- [EXERCISE AIM] Go through the listing below and repeat it exactly, omitting each picture.

- [SUPPLIED INFORMATION]
··········

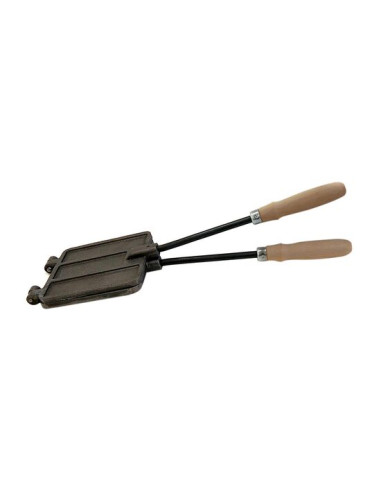 Prajitor slanina, presa fonta, cu maner din lemn 46 cm, 15x15 cm, Premium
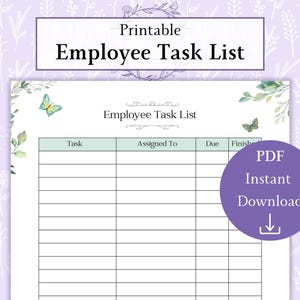 Employee Task List Printable PDF | Employee Task Plan | Task Delegation | Task Assignment Log | Project Tracker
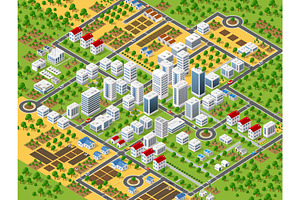 Urban Plan Pattern Map. Isometric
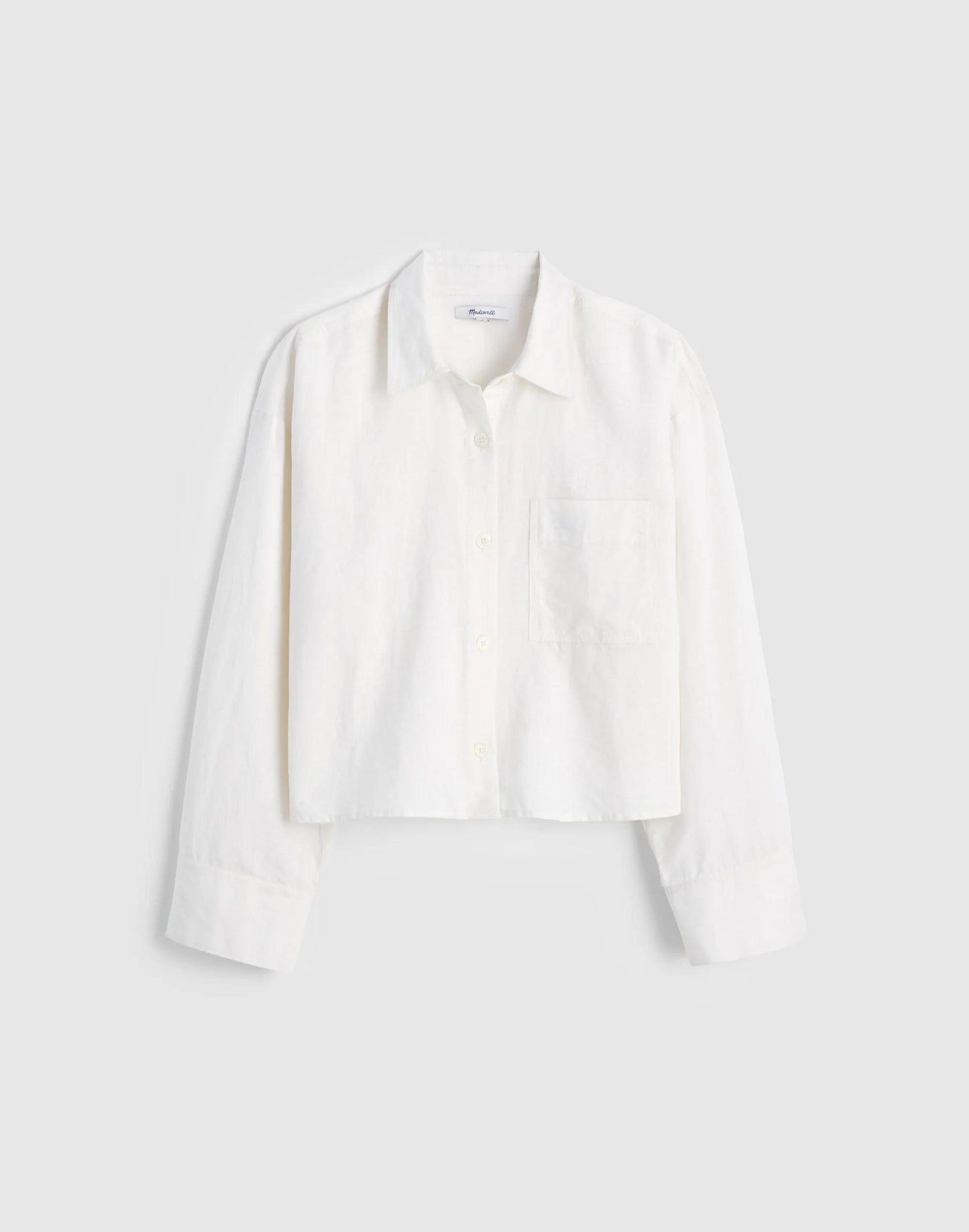 Straight-Hem Shirt in Linen-Cotton Blend Ivory Linen | Madewell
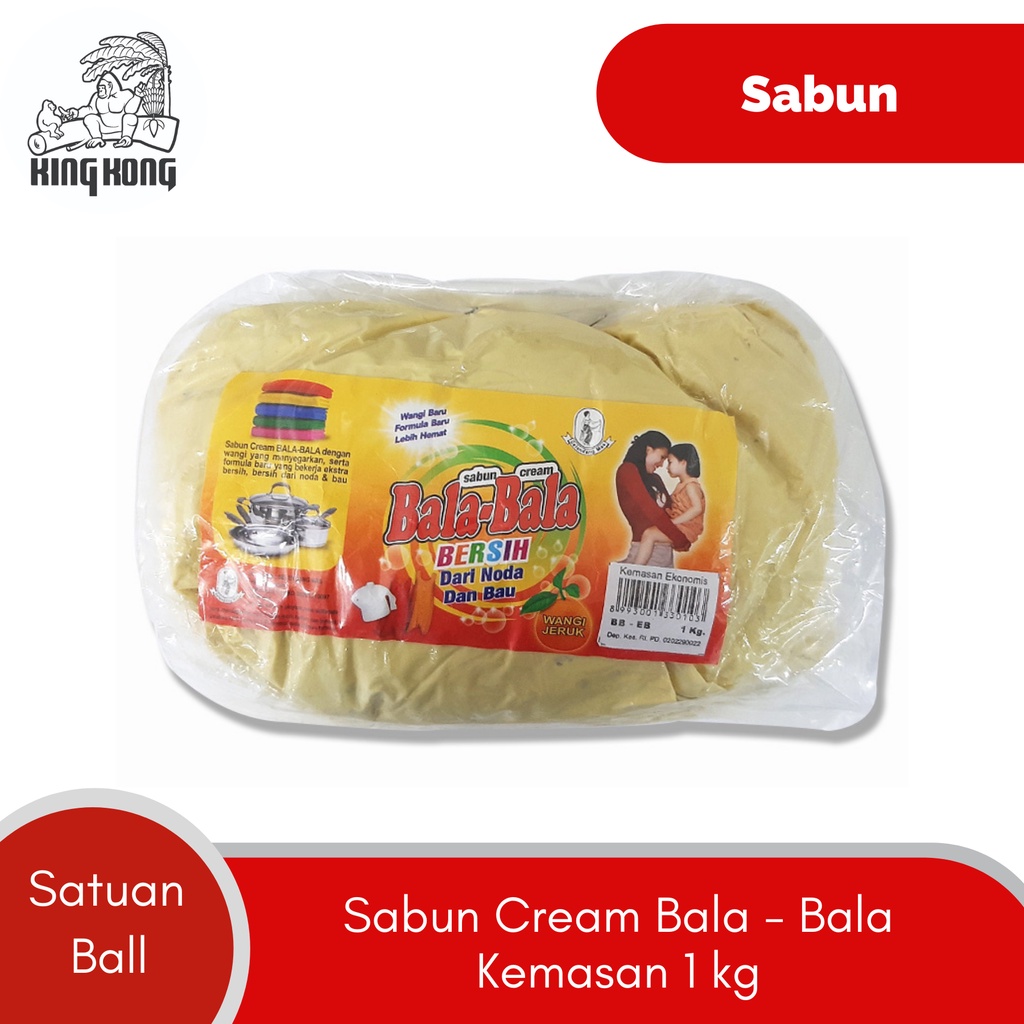 Sabun Cream Bala-Bala Kemasan Plastik 1 kg - BBEB - dijual per Ball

··········

- [ANSWER FOR THIS EXERCISE]
 Prajitor slanina, presa fonta, cu maner din lemn 46 cm, 15x15 cm, Premium
 Employee Task List Printable PDF | Employee Task Plan | Task Delegation | Task Assignment Log | Project Tracker
 Urban Plan Pattern Map. Isometric
 Straight-Hem Shirt in Linen-Cotton Blend Ivory Linen | Madewell
 Sabun Cream Bala-Bala Kemasan Plastik 1 kg - BBEB - dijual per Ball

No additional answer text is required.